When a wireless network has a mixed environment of 802.11b clients and 802.11g clients, make sure that data rates 1, 2, 5.5, and 11 Mbps are set to required (basic) and that all other data rates are set to enable. The 802.11b adapters do not recognize the 54 Mbps data rate and do not operate if data rates higher than 11Mbps are set to require on the connecting access point.

For exampe, I thought I had to do the command below instead of leaving it at the defaults.Please clarify.

int dot11radio 0
speed basic-1.0 basic-2.0 basic-5.5 basic-11.0 6.0 9.0 12.0 18.0 24.0 36.0 48.0 54.0

Is there a command that shows the enabled speeds/types rather than the available speeds obtained by typing speed ? under dot11radio0

You helped me realize I could better organize my configuration (since I had both SSIDs mapped to both radios).

If you map the SSID to Radio 0, then you can use B and G clients.. that is by enmabling 1,2,5.5,11 Datarates..

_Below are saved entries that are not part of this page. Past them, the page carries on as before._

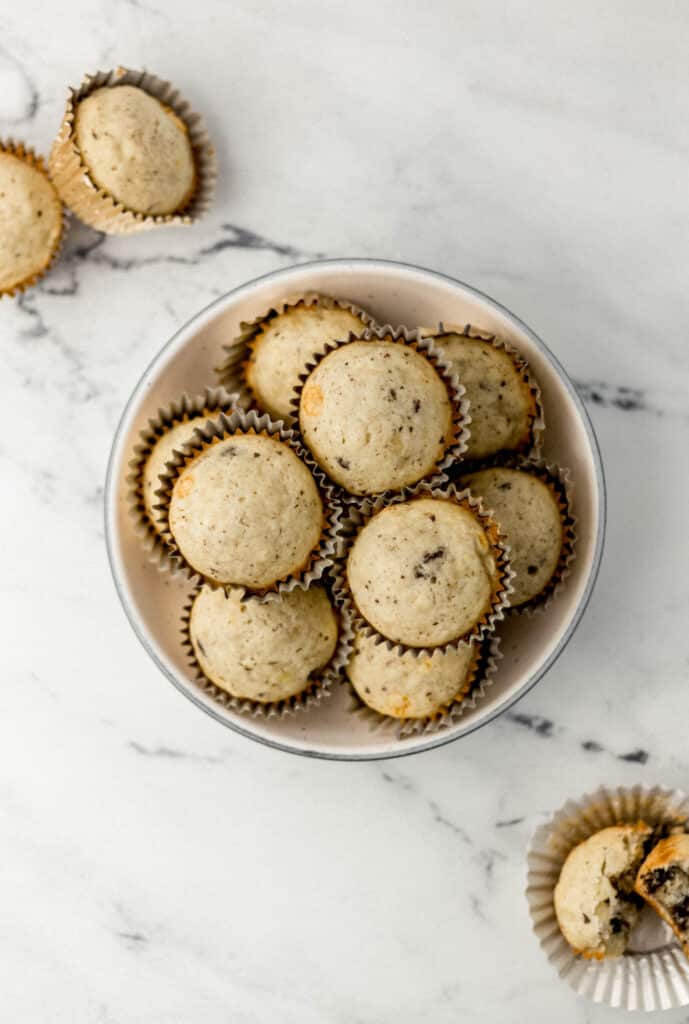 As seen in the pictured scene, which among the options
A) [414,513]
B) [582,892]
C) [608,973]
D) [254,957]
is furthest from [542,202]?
[254,957]

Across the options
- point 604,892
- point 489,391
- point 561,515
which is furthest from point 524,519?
point 604,892

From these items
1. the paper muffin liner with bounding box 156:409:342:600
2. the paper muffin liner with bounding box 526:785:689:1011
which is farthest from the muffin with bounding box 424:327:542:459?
the paper muffin liner with bounding box 526:785:689:1011

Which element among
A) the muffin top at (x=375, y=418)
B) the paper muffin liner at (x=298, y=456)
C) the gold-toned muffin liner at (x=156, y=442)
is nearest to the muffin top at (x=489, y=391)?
the muffin top at (x=375, y=418)

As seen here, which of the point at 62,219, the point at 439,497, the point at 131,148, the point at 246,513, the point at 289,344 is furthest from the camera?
the point at 62,219

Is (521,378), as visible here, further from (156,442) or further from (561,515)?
(156,442)

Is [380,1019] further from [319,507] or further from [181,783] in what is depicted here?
[319,507]

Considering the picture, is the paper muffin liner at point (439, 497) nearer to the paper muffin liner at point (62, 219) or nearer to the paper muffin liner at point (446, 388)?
the paper muffin liner at point (446, 388) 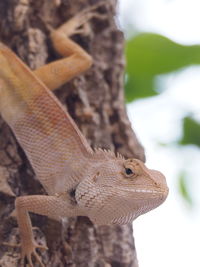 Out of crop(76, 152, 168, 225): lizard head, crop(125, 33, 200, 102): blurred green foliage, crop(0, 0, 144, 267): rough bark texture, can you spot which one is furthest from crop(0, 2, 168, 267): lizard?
crop(125, 33, 200, 102): blurred green foliage

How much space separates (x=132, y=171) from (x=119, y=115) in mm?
1574

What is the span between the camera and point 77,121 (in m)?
5.98

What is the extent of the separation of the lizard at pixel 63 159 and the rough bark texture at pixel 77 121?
0.12m

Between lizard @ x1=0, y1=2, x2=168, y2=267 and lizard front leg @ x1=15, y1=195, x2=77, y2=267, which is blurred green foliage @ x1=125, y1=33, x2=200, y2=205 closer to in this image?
lizard @ x1=0, y1=2, x2=168, y2=267

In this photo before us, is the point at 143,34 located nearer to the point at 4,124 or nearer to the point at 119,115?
the point at 119,115

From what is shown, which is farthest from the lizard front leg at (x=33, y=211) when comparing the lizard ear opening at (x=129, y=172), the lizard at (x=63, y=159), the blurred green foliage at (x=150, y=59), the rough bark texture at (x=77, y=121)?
the blurred green foliage at (x=150, y=59)

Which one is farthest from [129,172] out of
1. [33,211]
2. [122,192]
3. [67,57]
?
[67,57]

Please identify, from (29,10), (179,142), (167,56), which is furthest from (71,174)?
(29,10)

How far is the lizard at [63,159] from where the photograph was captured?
4.61 m

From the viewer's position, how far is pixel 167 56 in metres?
5.37

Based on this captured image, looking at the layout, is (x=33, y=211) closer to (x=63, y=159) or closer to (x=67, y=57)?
(x=63, y=159)

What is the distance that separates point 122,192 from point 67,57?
7.21ft

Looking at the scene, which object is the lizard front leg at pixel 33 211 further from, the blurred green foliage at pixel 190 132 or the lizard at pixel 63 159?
the blurred green foliage at pixel 190 132

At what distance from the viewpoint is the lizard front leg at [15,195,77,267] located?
4.68 metres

This way, internal users get the higher bandwidth radio to themselves which is intended.

Thanks again for this comment.

Thats nice to hear!! so i guess everything is working fine??

Regards

Surendra

===

Please dont forget to rate the posts which answered your question or was helpfull

Regards
Surendra BG

Sorry to say--No, I still have the same problem.

The built-in card on my test laptop, which is a  three year old Dell Inspiron 1525 with a Dell 1395 Mini WLAN card, has never seen the 1124N SSID broadcasts no matter how I confgure encryption or speed on dot11radio0. When I switch the a newer USB based card, it always sees the 1124N.

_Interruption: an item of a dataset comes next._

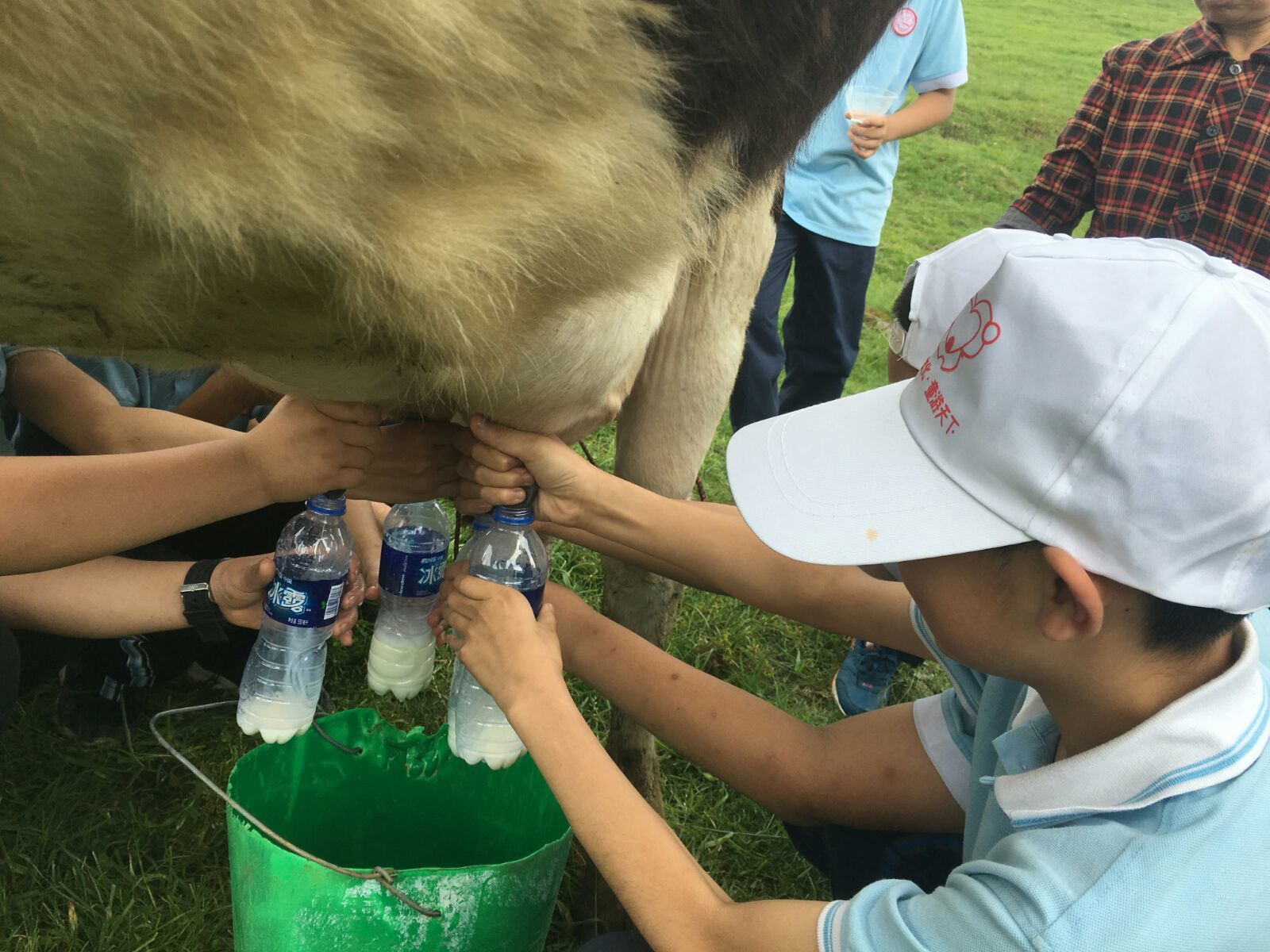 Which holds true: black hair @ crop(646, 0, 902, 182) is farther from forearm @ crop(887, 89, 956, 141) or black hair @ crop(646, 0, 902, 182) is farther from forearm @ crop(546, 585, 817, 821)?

Do you have any suggestions for me to try?

I've tried it both ways, with the default speeds and this

int dot11radio 0
speed basic-1.0 basic-2.0 basic-5.5 basic-11.0 6.0 9.0 12.0 18.0 24.0 36.0 48.0 54.0

but neither allows this Dell 1395 mini wlan card to see the 1142N.

When I use the alternate adaptor, it reports dot11radio0 as being in 802.11g mode.

What commands will put the radio into 802.11b mode?

The speed configurations is allowing the B-radio.. so no problem in the configurations, looks more like a client issue.. what happens if you download intel proset or any dricer and see what happens?? also make sure the client adaptor supports AES.. because i guess we have configured WPA2-AES

Regards

Surendra

Regards
Surendra BG

Thanks for your reply. Sorry for the confusion.

In order to eliminate any possible issues like AES or any other encryption, I temporarily configured the SSID I'm attempting to connect to as completely open--and it still is not seen by the Dell. The client does not even see the beacon.

My new client reports the beacon radio type as 802.11g. I'm positve my older client does not support 802.11g. Is there any way to configure the radio so it appears to be a downlevel radio like 802.11b?

Please note my config has this SSID/VLAN combo on dot11radio0 alone with no others.

If this were purely a client issue, then this older Dell client would not be able to connect to my Checkpoint Z100G--but it can and has never had any problems there. Based on this experience, I don't believe it is purely a client issue.

The Intel Proset appears to be intended for Intel based adaptors, or at least I could not download it w/o one since it want to detect and update my Intel adaptor or leads to a manual download list where it does not exist.